Both the red sandstones from the Kinnesswood Formation (formerly 'Old Red Sandstone') of the Edinburgh district and the Permian 'New Red Sandstone' of Dumfries & Galloway and Cumbria owe their colour to the oxidising regime of the semi-arid, desert conditions under which the sediments were originally deposited. Aeolian quartz arenites are often red through the presence of finely disseminated ferric oxide (haematite) which coats the grains. Only 1-2% iron is enough to produce strong colours.

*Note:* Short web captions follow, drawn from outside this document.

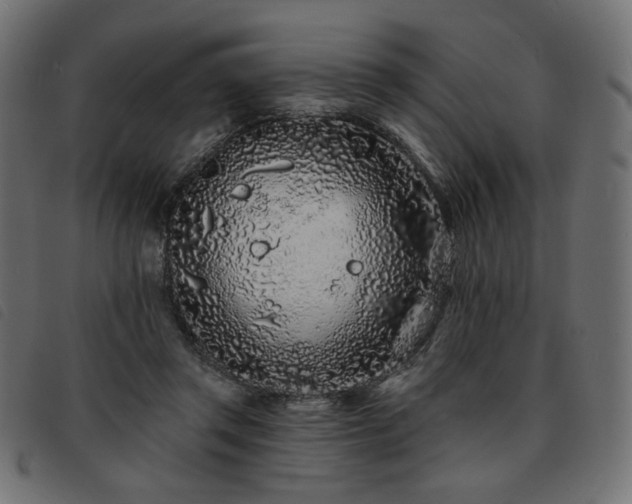 X0000093760357200710161227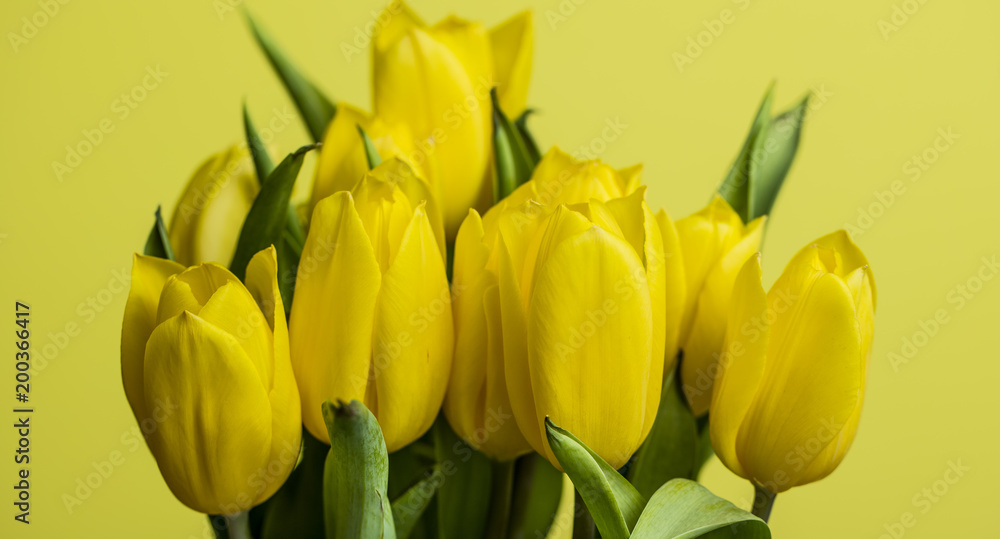 yellow tulips on yellow background 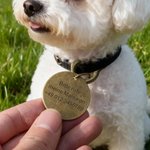 Personalisierte runde Retro Hundemarke aus Messing mit Namen und Text Geburtstag Geschenk für Tierbesitzer Tierliebhaber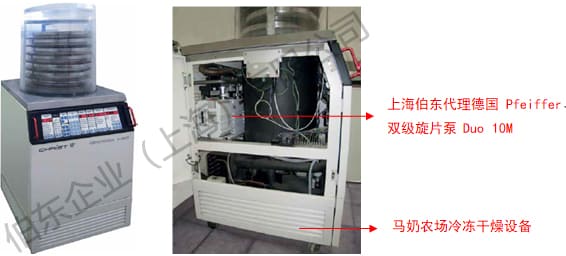 雙級旋片泵應用于奶制品冷凍干燥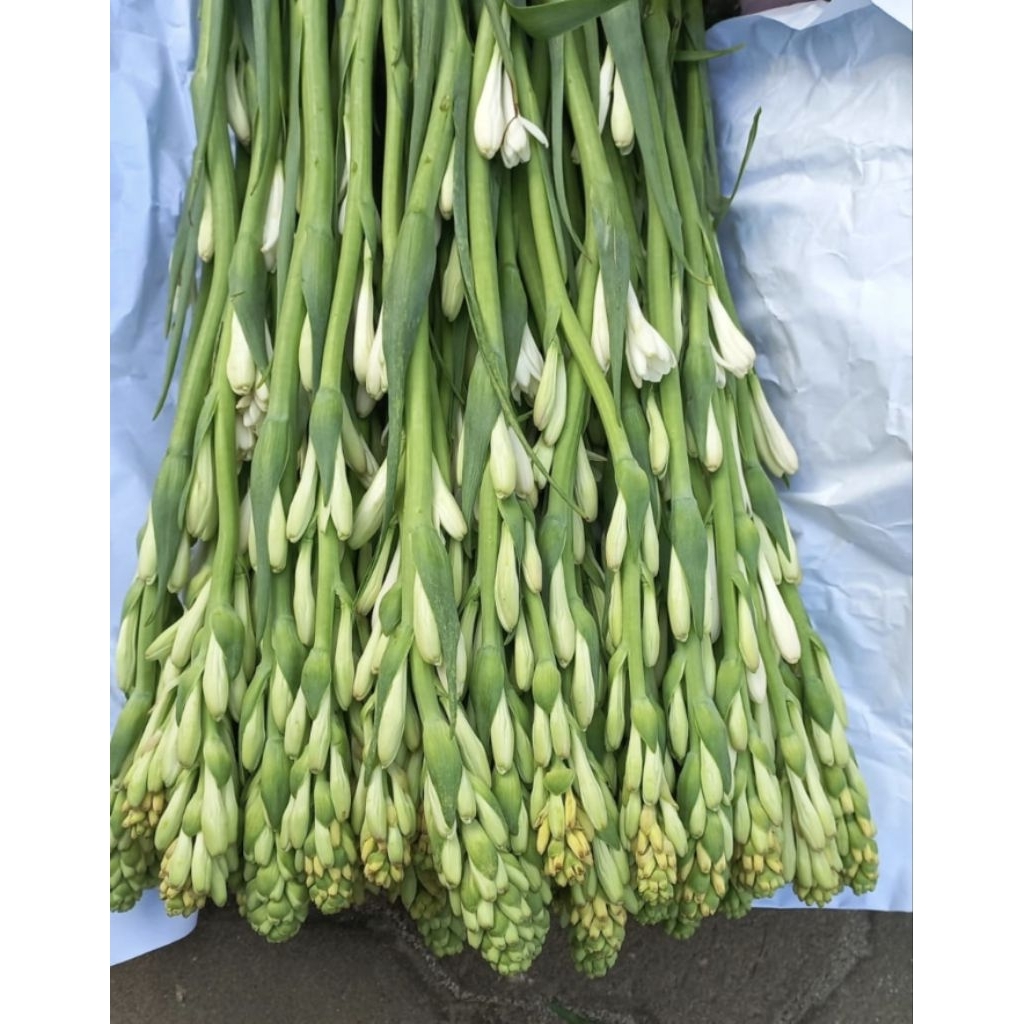 sedap malam /sedap malam bandung/bunga asli/wangi /bunga segar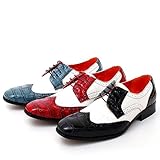 Ferro Aldo Mens Dress Wingtip Shoes Leather Lined Lace up Oxfords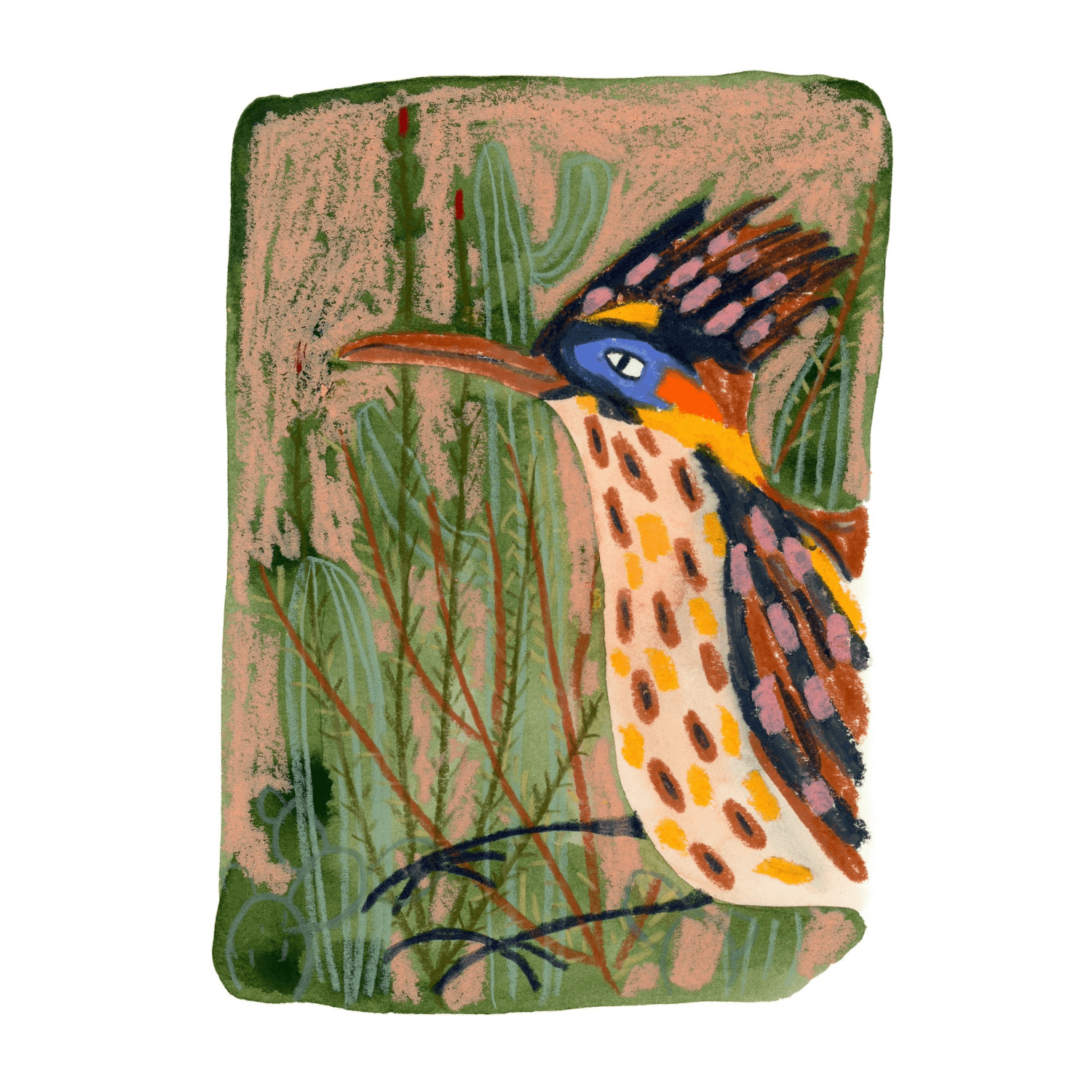 Illustration of a colorful roadrunner bird in the desert on a white background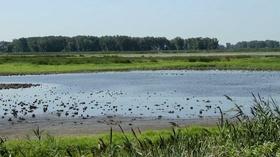 Video thumbnail: MiWeek Great Lakes Proposed Funding Cuts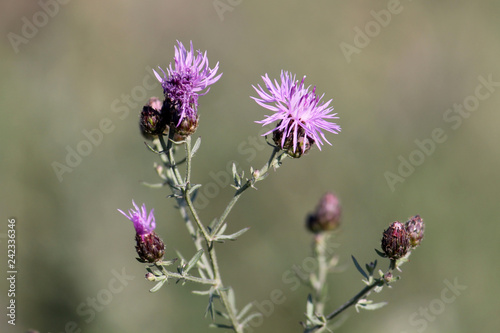 Purple flowers of Centaurea pseudomaculosa, Belarus photo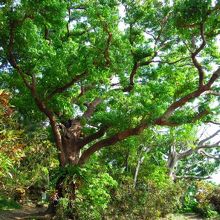 大きすぎて全部入りませんが大アカギです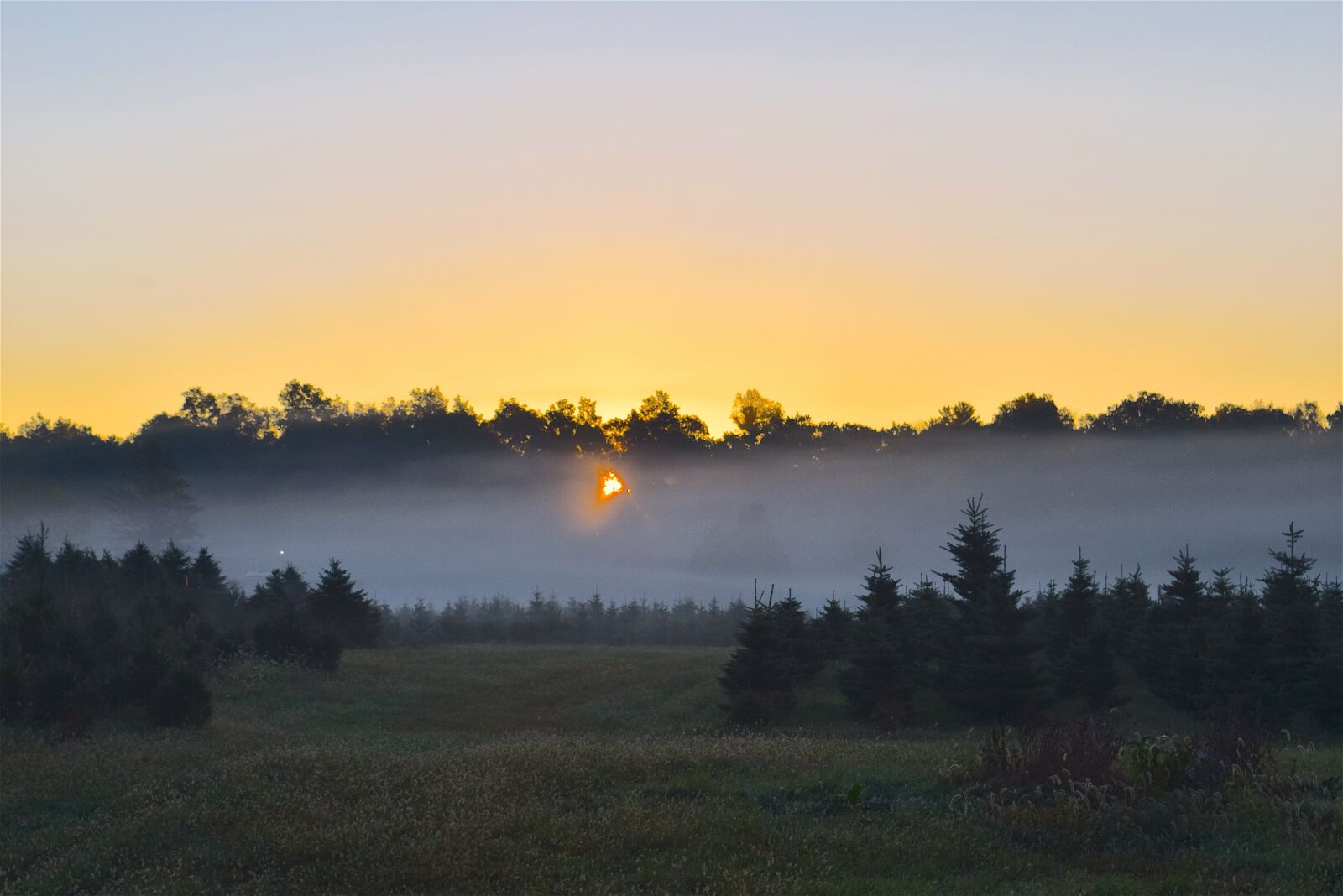 Nikon D3300 sample photo. Sunrise, mist, field photography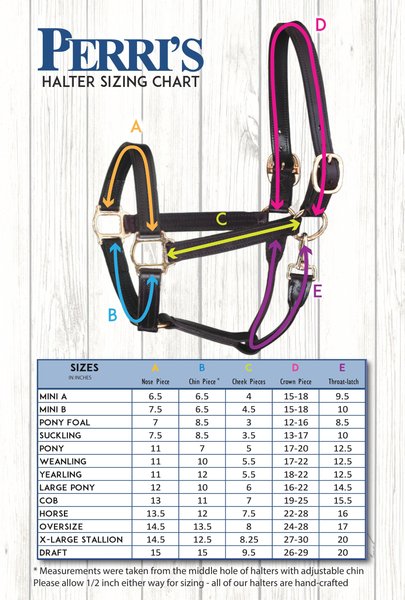 Perri's Leather Turnout Horse Halter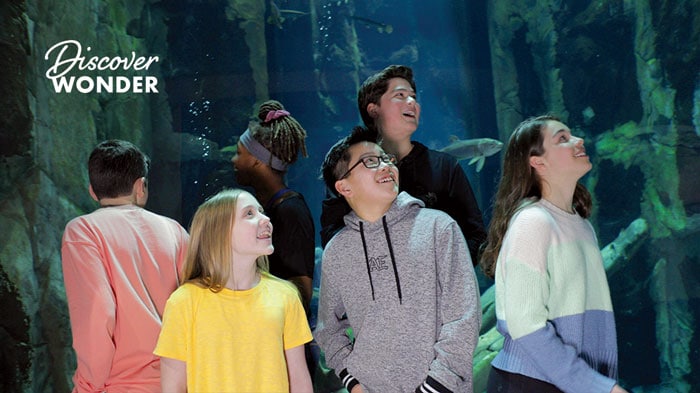 Kids looking at fish at the Great Lakes Aquarium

Other types of sandstone (not seen in Edinburgh's buildings) include arkose (feldsarenites) and greywacke. Arkosic sandstones have a high percentage of feldspar grains that impart a pink or red colour to the stone. Greywacke is a hard, dark grey rock composed of principally of feldspar and lithic grains with a high percentage of clay matrix. Greywacke, commonly used in buildings of the south of Scotland and the Borders, owes its hardness and strength to low grade metamorphism that has affected the strata. These rocks can be durable but fracture irregularly. Such hard, dark stone has been commonly referred to as 'whin in northern England and southern Scotland. Although whin is not used as a petrological classification, it was employed formerly by geologists as a field description for dark, compact, igneous rocks such as basalt and dolerite.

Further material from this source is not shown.